World War II memoir -- coming of age in the trenches; And No Birds Sang, by Farley Mowat. Boston: Little, Brown & Co. $10.95.

Farley Mowat, the Canadian adventurer best known for his forays into the bleak northern wastes and his confrontations with Arctic wolves, has presented us with a memoir of his biggest adventure of all, World War II. It is a sad story, and the only wolves are of the human variety.

All soldiering may be divided into three stages -- preparation, action, and (for the fortunate) survival and assessment. Now, long after the last bullet, Mowat is ready for his assessment, and it is a chastening indictment he offers of war and his own loss of innocence.

One of the book's charms is Mowat's ability to re-create and poke fun at his own youthful romantic posturing. Nicknamed "Squib" for his diminutive stature and boundless energy, Mowat is as eager to go to war as a Boy Scout about to set out on his first camping trip.
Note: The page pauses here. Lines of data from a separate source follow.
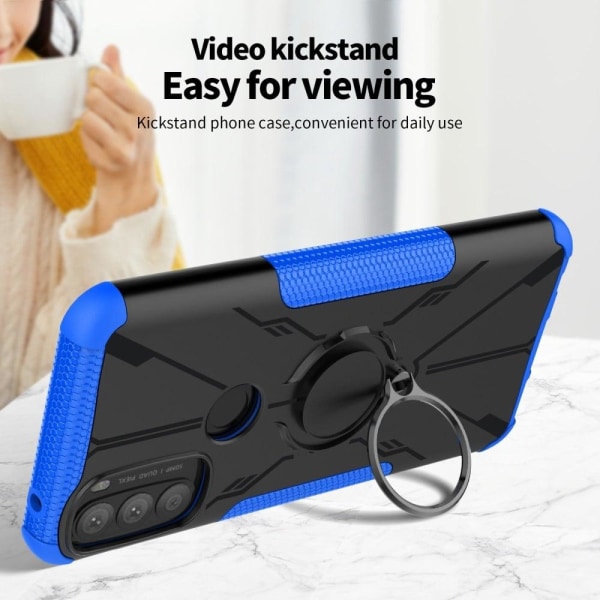 Kickstand-cover med magnetisk plade til Motorola Moto G71 5G - Blå Blue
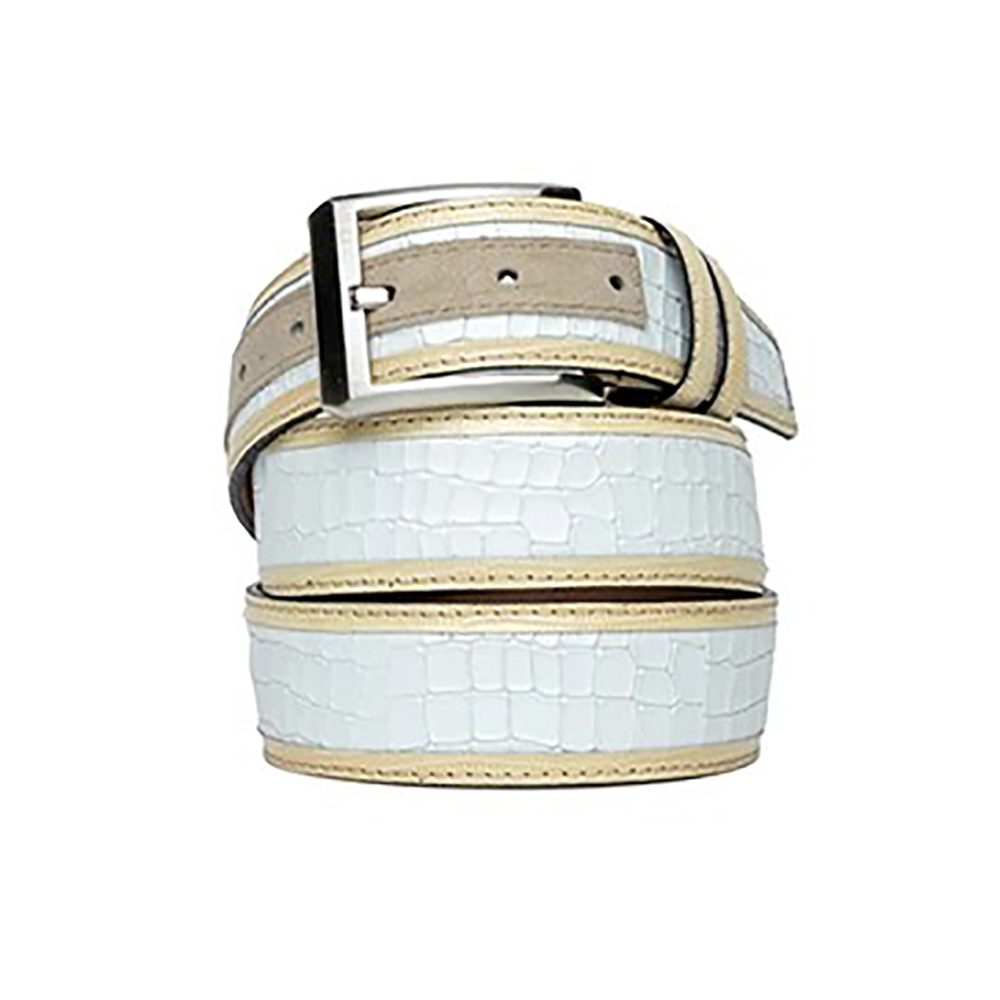 Corrente CBelt-5831 Design Leather Belt White Image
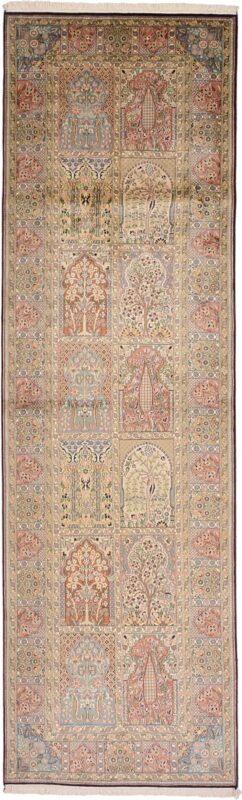 Kashmir Oriental Rug 95 × 313 cm, Silk, hand-knotted, fine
Like Henry Fleming in Stephen Crane's "REd Badge of Courage," "Squib" Mowat has a head full of dreams and heroic notions. At firts, even the elements conspire; his practice soldiering takes place on a field fit for Gothic romance -- "a waste of blasted health overgrown with thorny gorse." As he writes to a girl, he "can't wait for the show to open."
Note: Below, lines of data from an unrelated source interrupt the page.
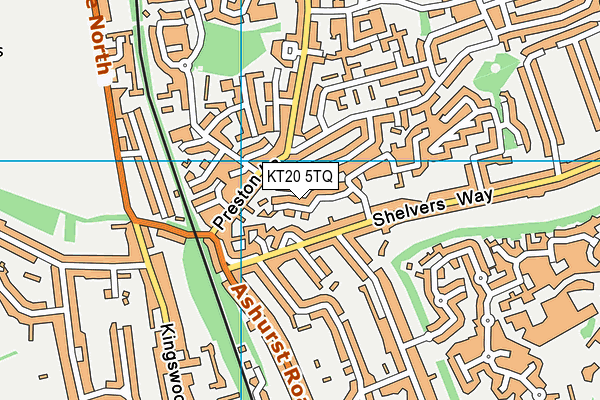 KT20 5TQ map - OS VectorMap District (Ordnance Survey)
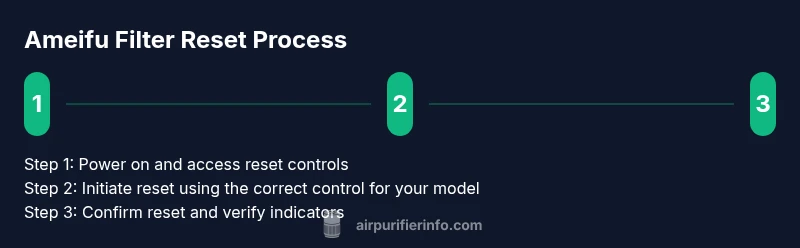 Three-step visual infographic showing Ameifu filter reset process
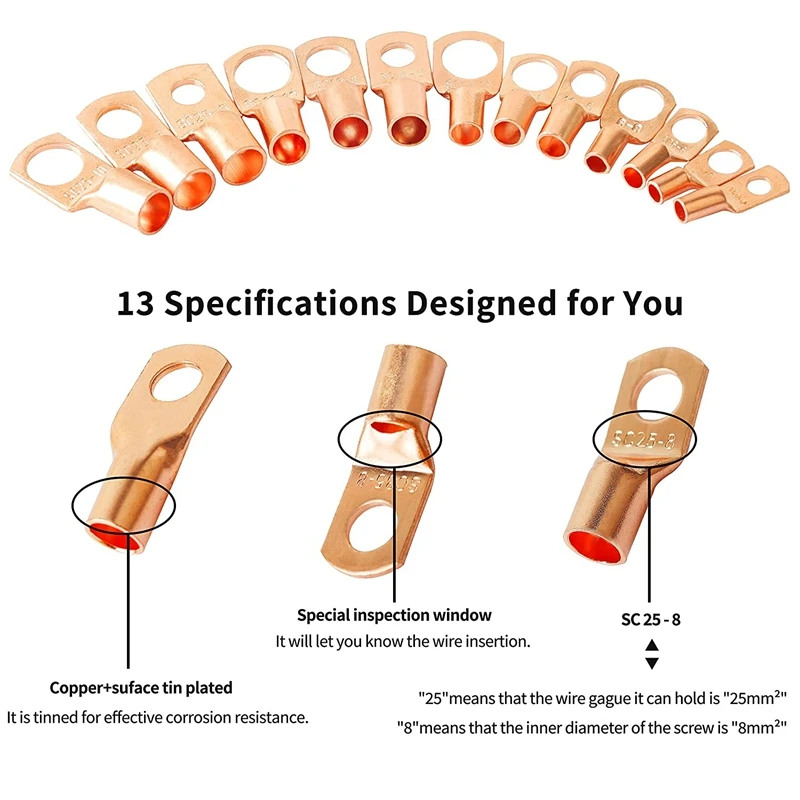 273Pcs Copper Wire Terminal Connectors AWG 2 4 6 8 10 12 Ring Lug Kit With 140Pcs Heat Shrink 133Pcs Battery Cable Lugs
And the "show" opens well. Mowat and his fellow "Hasty Pees" of the 1st Canadian Infantry Division take part in the successful Allied invasion of Sicily and Italy. The Canadians meet light resistance, and the feeling is one of a lark -- as if the boys are taking part in a slightly more serious football game.

But suddenly, south of Rome and amid the mountains, the Germans stiffen, the fighting turns savage, and the scenes of war become uglier and more bestial. Mowat watches helplessly as a German rifleman senselessly shoots up a donkey; as a man is cut in half, eviscerated by a shell fragment; as a good friend is chopped down in a hail of bullets. He is himself saved, fortuitously, when cans of bully beef in his pack deflect the Schmeisser bullets. Suddenly fear (the Worm That Never dies, as Mowat calls it) takes over, and the book clunks to a precipitate ending in 1944 -- long before the war's end, Farley Mowat's private war is over.

At the end, "Squib," that energetic and charming youth, is emotionally dead, like Keats's knight-at-arms "palely loitering" and at a great moral distance from those back home, who cannot understand.

One recognizes the pattern -- innocence and disillusionment, the hard lessons; and in this sense we have encountered a similar message in the work of Hemingway, Erich Maria Remarque, the English poets of the Great War. But the pieces of Mowat's puzzle, his war, are fresh and full of discernment.

For example, he catches the peculiar sang-froid of a British brigadier instructing officers: "Can't let the Hun Spend the rest of the winted there all nice and comfy-cozy. . . . Our chaps over here will smash across the Sangro and gallop up the coast to Pescara, then make a left hook into the mountains and pounce on Rome from the east."

Of course, they are able to do no such thing. The Allies slog through in bitter fighting, leaving bodies behind them like mile markers in what rapidly becomes a terrible war of attrition.

In what he calls an "anti-epilogue," Mowat confesses he has written "in the absolute conviction that there never can be a 'good' or worthwhile war." Like Wilfred Owen, Mowat intends to expose the Old Lie; and this is a worthwhile addition to the shelf of protest literature, which continues to EXpand as long as we have the felt memory of past wars and the prospect, however unfortunate, of future conflicts. Yet antiwar books, even good ones like this, remind us that, if peace ever were once and for all, there would not be need for one more antiwar book.